The last seven years have seen a 16% rise in the number of child molestation
cases, the Ministry of Social Affairs said Sunday.
Some 1,464 children were sexually assaulted by the end of the first half of
2007, and 2,623 sexual abuse cases in children were reported in 2006.
The Ministry of Social Affairs' data revealed that most children fall prey to
sexual assault during the school year. Of those molested in 2006, 318 were
under the age of five, 717 were between the ages of six and eight, 37.4% of
those assaulted were boys and 62.6% girls.
The fickleness of numbers
The numbers, said the ministry's report, are probably higher. In many cases the
victims prefer not to file a complaint against their assailants.
The assailants in child molestation cases are not always adults: in the first
half of 2007, some 282 children and teenagers were interrogated by the police
department's youth division, on suspicion of perpetrating sexual offenses.
Children and teenagers who were victims of sexual assault are usually treated
by their municipal social workers. Since the problem began escalating, the
Social Affairs Ministry has been able to secure an additional $1.25 million to
its budget - all towards building eight new shelters for the long-term
treatment of these children.
The Ministry of Social Affairs' report is echoed by that of the National
Council for the Child: the council receives hundreds of reports a year, most of
them seeking counseling on life after the assault.
"Maybe all those on strike will finally wake up; the fact that the children are
devoid of structure is affecting their behavior," Dr. Itzhak Kedman, Head of
the National Council for the Child told Ynet Sunday, after hearing the report
on the 12-year-old girl who was allegedly drugged and raped by two 13-year-old
boys.
Kedman cites three main reasons which can make children behave like sexual
predator: "The main reason is the growing exposure to sexual content on the
internet. The younger children are, the less likely they are to differentiate
between reality and porn films," said Kedman.

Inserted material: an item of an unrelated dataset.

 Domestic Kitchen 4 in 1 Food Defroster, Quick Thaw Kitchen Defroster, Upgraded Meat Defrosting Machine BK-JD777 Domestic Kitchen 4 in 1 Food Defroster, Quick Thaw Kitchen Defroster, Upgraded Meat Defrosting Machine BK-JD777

The other two reasons are the judicial leniency shown to sex offenders and the
lack of proper treatments given to those molested. "It's a well documented fact
that children who were abused or molested grow up to be abusive adults. As long
as the State continues to ignore the problem nothing will change," he added.

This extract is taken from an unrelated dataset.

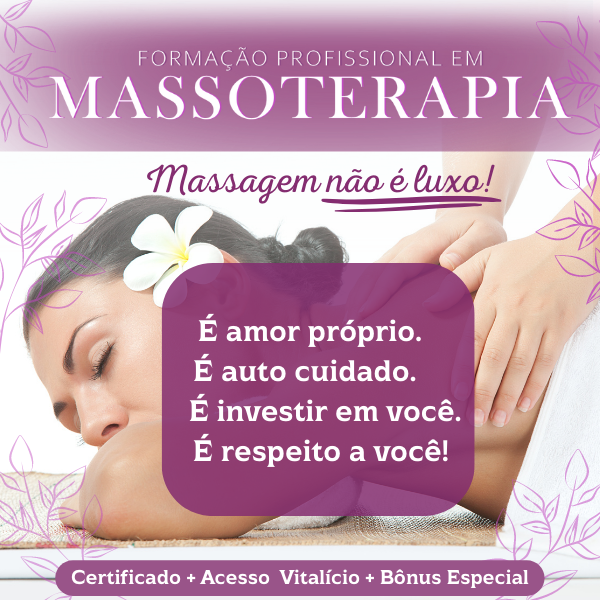 Massoterapia 3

MK Nadia Hilou (Labor-Meimad), head of the Knesset's Committee on Rights of the
Child, told Ynet that she intends to call and emergency session on the matter.
"
With the educational system on strike too many minors have no one looking out
for them. the committee will have to look into the recent reports of alcohol
and drug sales to minors, as well as decide on the criminal liability any
minors involved in such activity might be subject to," she says.